### Description of the task
When you print the records below, keep every word exact and leave out the images.
---------- Data extract
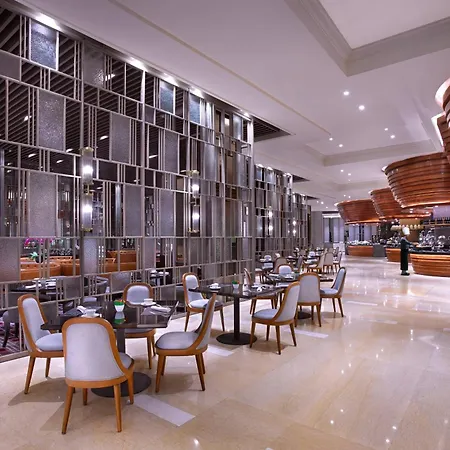 The Ritz-Carlton Jakarta, Mega Kuningan-2
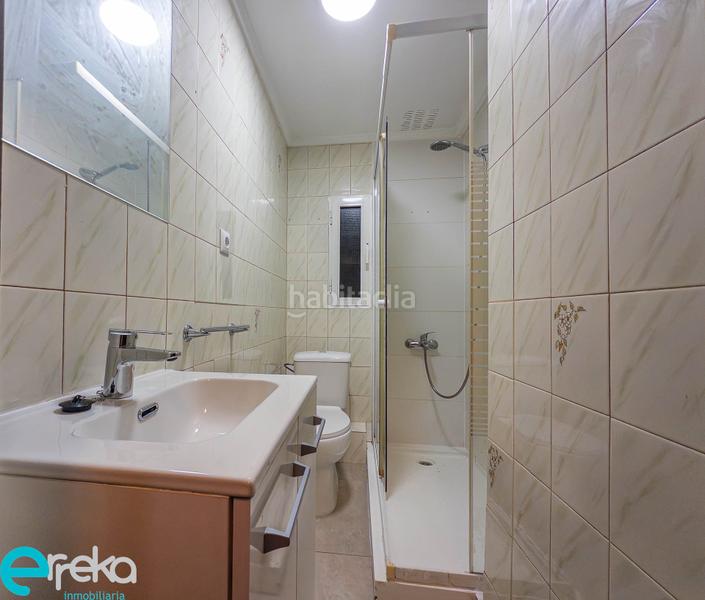 Foto 058a7e65-8e52-4984-b487-97b02ebe76c2. Etagenwohnung in La Peña Bilbao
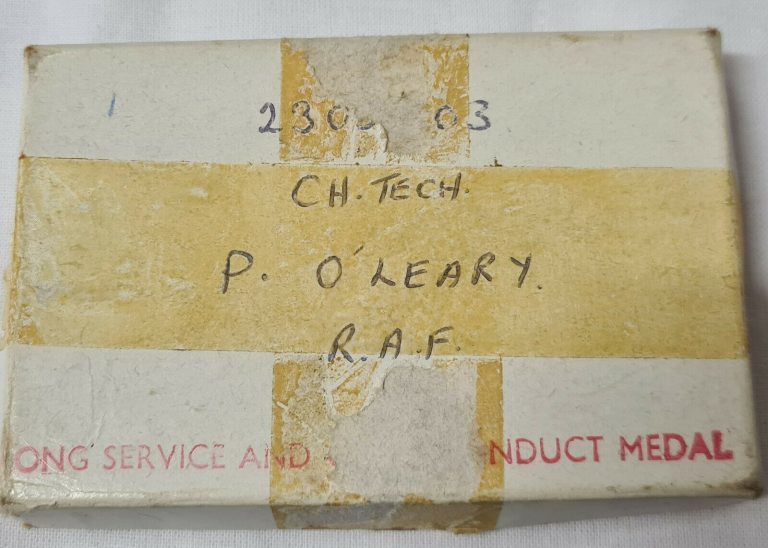 OMAN REBELLION & ADEN EMERGENCY LONG SERVICE MEDAL GROUP TO P. O’LEARY. R.A.F. - Image 7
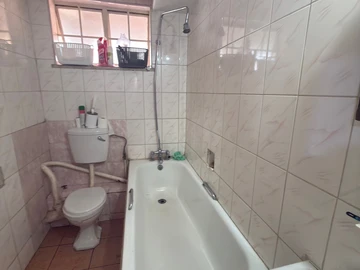 2 Bedroom Flat & Apartment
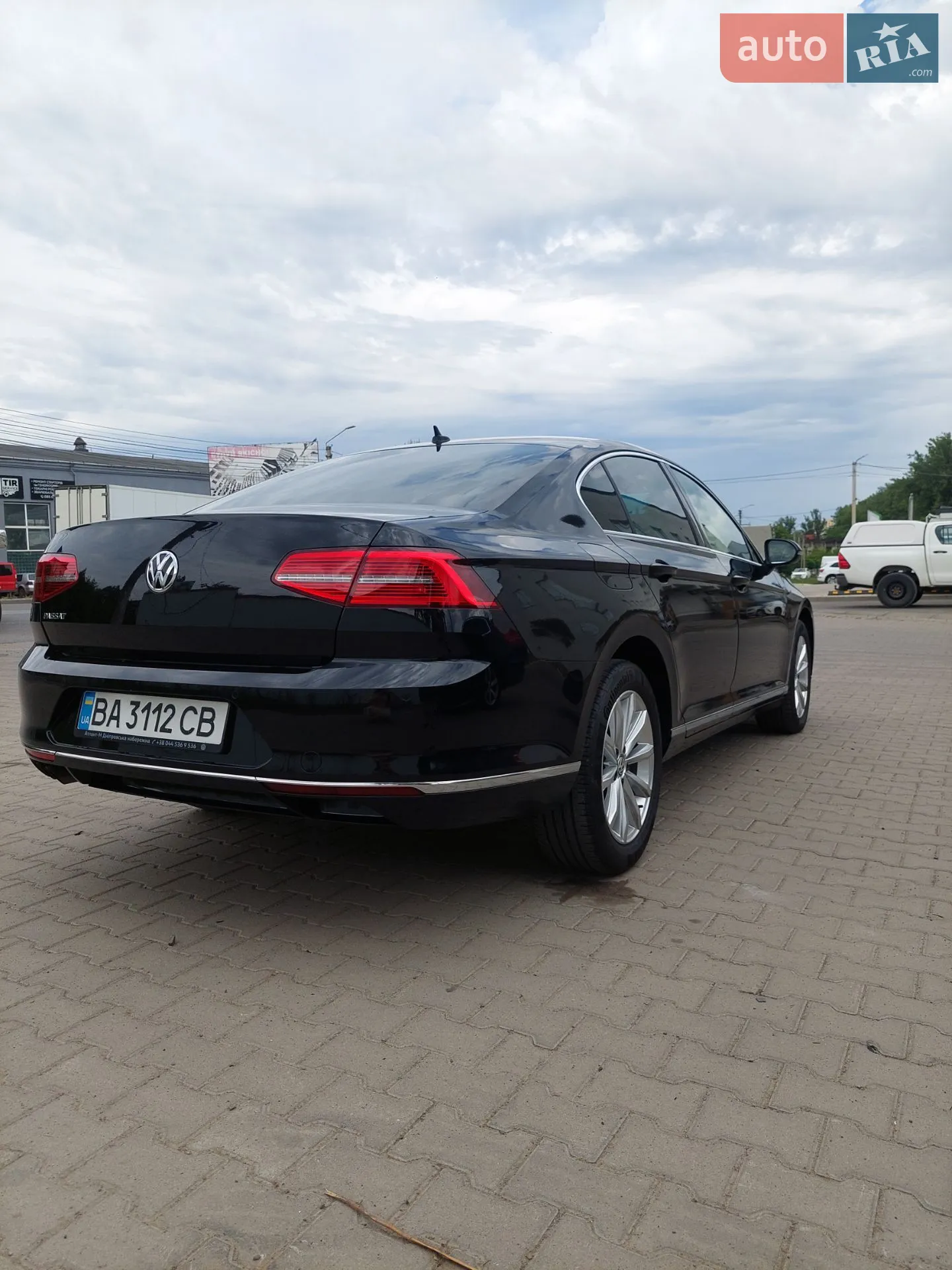 2019 Volkswagen Passat - мініатюра 3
--------------------
### Solution
 The Ritz-Carlton Jakarta, Mega Kuningan-2
 Foto 058a7e65-8e52-4984-b487-97b02ebe76c2. Etagenwohnung in La Peña Bilbao
 OMAN REBELLION & ADEN EMERGENCY LONG SERVICE MEDAL GROUP TO P. O’LEARY. R.A.F. - Image 7
 2 Bedroom Flat & Apartment
 2019 Volkswagen Passat - мініатюра 3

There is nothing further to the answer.